**Task objective:** Out of the entries that follow, copy each line containing "Pencil".
▬▬▬▬▬▬▬▬▬▬
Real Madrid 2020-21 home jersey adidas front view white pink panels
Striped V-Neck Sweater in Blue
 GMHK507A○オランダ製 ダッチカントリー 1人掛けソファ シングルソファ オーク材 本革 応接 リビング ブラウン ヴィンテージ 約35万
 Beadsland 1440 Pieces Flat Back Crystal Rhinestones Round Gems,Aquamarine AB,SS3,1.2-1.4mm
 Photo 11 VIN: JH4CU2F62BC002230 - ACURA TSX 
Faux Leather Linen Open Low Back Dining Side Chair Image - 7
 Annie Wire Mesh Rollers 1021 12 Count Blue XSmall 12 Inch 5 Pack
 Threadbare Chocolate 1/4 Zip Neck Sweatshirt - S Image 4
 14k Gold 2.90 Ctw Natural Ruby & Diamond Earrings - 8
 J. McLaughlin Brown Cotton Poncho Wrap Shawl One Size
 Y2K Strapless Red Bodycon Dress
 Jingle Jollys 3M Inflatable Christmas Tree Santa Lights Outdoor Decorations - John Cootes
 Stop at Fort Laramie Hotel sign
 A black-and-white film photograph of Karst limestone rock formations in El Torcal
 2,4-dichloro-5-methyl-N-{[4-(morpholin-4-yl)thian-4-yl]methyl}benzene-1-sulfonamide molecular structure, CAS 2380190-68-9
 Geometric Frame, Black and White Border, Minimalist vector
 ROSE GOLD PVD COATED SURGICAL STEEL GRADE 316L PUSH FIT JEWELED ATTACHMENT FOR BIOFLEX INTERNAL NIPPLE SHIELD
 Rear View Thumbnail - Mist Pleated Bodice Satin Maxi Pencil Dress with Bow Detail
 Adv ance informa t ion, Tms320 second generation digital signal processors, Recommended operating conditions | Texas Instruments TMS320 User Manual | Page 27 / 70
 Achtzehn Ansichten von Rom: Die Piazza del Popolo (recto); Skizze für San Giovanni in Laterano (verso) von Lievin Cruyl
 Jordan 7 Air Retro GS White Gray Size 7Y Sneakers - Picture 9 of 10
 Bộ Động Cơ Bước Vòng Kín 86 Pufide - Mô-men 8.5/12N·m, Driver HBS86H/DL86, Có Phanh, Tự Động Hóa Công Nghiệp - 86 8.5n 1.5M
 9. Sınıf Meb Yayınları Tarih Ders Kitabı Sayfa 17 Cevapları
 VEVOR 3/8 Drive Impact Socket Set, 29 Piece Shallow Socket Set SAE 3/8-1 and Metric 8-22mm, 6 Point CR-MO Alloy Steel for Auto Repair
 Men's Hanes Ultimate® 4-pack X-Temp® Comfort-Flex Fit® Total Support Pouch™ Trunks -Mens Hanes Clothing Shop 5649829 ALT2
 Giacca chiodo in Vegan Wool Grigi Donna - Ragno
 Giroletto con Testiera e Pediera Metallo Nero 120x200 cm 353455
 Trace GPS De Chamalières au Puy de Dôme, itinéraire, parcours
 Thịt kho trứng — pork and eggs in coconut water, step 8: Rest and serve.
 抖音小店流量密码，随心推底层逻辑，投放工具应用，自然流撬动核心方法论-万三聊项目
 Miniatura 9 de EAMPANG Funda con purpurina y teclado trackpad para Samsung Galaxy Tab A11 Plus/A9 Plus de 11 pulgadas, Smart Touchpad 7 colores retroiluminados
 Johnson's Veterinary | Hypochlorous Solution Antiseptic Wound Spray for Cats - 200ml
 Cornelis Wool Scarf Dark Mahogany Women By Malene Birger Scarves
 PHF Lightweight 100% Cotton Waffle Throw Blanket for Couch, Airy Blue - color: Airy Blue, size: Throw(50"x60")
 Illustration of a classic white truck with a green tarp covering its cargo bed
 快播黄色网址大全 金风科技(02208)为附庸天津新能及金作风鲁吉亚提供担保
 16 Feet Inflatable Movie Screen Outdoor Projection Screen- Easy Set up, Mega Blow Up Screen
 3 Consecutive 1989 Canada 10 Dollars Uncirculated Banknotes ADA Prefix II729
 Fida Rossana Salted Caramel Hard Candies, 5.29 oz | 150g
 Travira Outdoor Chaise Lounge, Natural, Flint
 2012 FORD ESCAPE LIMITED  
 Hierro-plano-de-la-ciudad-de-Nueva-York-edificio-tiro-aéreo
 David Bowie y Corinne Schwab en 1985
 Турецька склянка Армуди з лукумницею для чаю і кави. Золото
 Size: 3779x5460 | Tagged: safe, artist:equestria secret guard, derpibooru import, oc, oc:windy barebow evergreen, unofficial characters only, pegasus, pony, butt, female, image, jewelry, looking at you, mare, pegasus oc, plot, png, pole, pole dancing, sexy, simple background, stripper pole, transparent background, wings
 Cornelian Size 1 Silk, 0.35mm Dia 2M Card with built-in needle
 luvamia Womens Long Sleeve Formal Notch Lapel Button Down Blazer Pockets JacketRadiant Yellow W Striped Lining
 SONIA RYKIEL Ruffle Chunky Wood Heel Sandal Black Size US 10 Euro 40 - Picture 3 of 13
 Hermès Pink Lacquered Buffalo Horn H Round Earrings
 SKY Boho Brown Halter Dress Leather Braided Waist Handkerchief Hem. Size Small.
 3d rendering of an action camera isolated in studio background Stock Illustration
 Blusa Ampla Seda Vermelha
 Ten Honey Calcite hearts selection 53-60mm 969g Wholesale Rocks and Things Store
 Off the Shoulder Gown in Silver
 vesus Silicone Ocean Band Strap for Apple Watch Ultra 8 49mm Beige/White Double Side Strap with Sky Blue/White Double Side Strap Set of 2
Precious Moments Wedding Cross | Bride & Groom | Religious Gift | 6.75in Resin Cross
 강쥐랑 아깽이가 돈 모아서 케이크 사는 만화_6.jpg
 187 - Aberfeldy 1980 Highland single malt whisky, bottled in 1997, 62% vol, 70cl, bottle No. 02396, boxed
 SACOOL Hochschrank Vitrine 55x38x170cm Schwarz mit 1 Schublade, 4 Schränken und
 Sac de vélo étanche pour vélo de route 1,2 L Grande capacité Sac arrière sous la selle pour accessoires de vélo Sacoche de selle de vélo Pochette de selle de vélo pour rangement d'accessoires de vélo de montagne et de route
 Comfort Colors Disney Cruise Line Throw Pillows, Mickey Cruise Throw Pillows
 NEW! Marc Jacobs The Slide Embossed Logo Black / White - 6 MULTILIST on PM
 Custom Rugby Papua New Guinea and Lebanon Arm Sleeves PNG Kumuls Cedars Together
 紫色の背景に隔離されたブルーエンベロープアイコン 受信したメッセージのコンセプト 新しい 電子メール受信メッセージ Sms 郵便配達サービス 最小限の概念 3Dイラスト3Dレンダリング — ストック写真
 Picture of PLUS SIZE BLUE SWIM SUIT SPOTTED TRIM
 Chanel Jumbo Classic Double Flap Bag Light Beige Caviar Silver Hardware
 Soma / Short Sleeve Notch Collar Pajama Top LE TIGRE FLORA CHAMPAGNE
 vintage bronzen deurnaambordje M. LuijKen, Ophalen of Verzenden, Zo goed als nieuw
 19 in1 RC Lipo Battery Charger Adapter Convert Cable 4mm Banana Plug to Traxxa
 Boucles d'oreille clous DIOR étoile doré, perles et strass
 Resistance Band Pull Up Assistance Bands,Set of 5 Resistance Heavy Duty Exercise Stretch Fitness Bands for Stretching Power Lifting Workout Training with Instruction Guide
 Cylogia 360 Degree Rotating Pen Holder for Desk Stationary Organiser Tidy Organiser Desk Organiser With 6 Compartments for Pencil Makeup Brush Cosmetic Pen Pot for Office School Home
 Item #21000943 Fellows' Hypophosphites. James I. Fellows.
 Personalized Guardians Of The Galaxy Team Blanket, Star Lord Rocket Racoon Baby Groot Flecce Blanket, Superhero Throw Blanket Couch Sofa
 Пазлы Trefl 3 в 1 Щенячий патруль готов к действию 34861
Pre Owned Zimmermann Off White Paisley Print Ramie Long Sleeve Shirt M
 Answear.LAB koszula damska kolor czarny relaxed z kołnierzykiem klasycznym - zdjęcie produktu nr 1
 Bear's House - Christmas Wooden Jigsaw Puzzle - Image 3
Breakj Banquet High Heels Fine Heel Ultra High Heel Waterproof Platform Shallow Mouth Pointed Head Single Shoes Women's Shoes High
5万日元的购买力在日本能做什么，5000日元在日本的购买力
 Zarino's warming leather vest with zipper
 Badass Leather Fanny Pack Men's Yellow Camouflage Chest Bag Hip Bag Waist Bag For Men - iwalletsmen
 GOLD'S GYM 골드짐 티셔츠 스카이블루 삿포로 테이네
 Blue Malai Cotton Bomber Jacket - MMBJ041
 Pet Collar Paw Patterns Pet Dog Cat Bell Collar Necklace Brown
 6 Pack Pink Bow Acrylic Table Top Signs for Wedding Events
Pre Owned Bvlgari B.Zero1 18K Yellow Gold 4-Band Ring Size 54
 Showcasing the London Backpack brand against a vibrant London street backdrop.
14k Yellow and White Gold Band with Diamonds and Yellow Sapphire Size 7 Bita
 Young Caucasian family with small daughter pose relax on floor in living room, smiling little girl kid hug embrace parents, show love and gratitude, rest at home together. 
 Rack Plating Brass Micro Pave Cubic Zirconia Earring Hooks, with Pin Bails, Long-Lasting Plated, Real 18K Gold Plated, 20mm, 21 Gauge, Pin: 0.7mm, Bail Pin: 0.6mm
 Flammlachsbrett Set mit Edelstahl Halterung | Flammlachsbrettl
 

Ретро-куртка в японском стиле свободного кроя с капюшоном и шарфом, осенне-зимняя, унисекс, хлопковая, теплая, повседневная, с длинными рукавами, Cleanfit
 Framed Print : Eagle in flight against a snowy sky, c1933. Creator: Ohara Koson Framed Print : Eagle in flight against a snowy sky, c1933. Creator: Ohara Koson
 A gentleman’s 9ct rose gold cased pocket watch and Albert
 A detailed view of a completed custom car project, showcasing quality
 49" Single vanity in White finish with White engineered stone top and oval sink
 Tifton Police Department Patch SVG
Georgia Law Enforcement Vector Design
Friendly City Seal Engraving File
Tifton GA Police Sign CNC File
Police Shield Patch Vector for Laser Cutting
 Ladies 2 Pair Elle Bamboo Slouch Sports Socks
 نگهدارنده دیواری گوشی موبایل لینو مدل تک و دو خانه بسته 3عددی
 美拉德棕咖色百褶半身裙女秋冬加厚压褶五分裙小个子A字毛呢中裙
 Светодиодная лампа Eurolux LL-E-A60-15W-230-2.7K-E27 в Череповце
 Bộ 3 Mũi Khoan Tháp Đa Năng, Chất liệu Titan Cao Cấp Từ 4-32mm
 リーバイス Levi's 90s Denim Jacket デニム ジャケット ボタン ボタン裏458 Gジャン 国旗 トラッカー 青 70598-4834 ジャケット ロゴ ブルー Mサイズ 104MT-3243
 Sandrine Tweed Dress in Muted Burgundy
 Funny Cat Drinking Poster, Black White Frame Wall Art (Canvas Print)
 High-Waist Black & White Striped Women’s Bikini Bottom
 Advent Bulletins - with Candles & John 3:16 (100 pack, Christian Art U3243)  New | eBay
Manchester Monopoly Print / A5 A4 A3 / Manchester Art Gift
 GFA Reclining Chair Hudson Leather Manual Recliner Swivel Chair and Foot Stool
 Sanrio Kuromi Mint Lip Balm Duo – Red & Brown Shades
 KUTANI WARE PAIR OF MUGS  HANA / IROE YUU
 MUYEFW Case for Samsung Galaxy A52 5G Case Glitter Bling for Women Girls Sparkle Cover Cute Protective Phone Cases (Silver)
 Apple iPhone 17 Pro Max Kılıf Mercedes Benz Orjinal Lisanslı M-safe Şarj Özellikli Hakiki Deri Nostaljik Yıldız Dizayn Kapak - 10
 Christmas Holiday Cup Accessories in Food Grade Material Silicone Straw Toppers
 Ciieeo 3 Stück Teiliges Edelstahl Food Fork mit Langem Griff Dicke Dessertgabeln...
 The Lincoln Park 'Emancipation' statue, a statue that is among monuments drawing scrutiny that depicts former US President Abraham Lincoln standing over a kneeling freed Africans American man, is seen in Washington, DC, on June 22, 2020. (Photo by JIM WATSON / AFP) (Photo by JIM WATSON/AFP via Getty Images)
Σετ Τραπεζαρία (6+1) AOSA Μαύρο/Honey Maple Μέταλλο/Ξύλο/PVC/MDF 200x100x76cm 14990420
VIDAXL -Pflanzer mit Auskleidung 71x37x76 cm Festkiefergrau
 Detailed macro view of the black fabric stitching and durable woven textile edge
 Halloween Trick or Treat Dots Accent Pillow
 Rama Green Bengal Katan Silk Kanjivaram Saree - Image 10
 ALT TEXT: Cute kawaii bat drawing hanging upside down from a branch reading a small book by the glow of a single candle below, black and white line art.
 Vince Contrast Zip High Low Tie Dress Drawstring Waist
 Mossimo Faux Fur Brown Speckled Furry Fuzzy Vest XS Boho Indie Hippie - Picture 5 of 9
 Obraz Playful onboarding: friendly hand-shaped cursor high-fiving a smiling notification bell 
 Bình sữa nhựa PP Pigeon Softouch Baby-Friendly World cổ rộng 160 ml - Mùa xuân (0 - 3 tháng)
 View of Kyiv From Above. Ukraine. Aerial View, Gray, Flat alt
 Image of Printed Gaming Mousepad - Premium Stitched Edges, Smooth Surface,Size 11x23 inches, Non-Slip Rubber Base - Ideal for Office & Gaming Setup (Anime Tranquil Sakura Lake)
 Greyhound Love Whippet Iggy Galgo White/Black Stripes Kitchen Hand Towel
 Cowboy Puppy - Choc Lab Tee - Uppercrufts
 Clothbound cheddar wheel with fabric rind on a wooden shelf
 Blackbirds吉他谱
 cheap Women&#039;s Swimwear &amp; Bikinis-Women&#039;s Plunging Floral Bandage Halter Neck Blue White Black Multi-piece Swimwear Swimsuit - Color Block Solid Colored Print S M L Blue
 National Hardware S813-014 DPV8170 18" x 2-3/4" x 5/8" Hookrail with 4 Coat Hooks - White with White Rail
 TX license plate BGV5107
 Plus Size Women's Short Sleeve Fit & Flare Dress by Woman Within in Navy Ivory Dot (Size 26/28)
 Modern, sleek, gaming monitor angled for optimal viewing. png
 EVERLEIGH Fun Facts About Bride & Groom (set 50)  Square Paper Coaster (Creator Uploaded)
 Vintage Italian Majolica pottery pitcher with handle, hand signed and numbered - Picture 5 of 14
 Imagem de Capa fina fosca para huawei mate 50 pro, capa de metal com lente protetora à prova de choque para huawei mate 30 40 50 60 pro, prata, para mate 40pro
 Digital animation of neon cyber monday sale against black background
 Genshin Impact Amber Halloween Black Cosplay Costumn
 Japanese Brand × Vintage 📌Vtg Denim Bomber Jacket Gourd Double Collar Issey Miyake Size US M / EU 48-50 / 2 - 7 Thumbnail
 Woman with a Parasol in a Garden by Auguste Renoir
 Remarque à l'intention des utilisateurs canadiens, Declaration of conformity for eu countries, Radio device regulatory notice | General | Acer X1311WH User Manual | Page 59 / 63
▬▬▬▬▬▬▬▬▬▬
**Solution below:**
 Rear View Thumbnail - Mist Pleated Bodice Satin Maxi Pencil Dress with Bow Detail
 Cylogia 360 Degree Rotating Pen Holder for Desk Stationary Organiser Tidy Organiser Desk Organiser With 6 Compartments for Pencil Makeup Brush Cosmetic Pen Pot for Office School Home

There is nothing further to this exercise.